Can you find the lines of the listing that include "with" and copy every one?

___ Provided information

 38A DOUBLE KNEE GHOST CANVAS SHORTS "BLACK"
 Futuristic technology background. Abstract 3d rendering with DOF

______
___ Provided information

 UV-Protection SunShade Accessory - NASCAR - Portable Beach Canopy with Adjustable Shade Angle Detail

______
___ Provided information

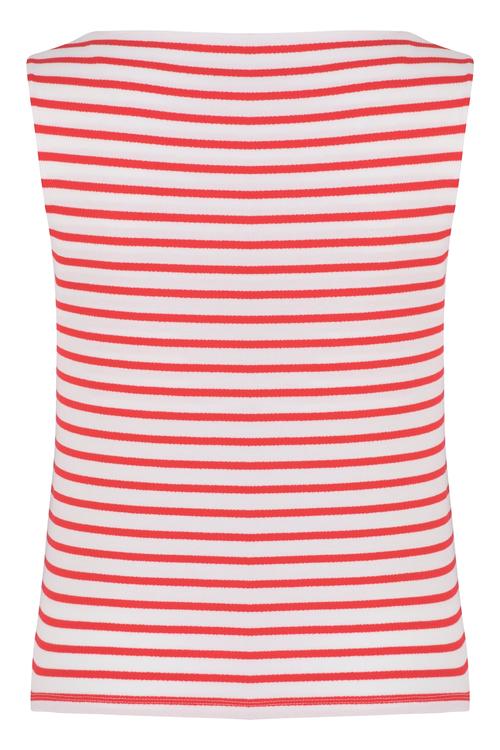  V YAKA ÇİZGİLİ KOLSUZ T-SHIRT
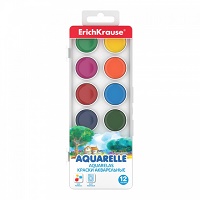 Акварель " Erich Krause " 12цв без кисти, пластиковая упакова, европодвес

______

# Solution to the problem
 Futuristic technology background. Abstract 3d rendering with DOF
 UV-Protection SunShade Accessory - NASCAR - Portable Beach Canopy with Adjustable Shade Angle Detail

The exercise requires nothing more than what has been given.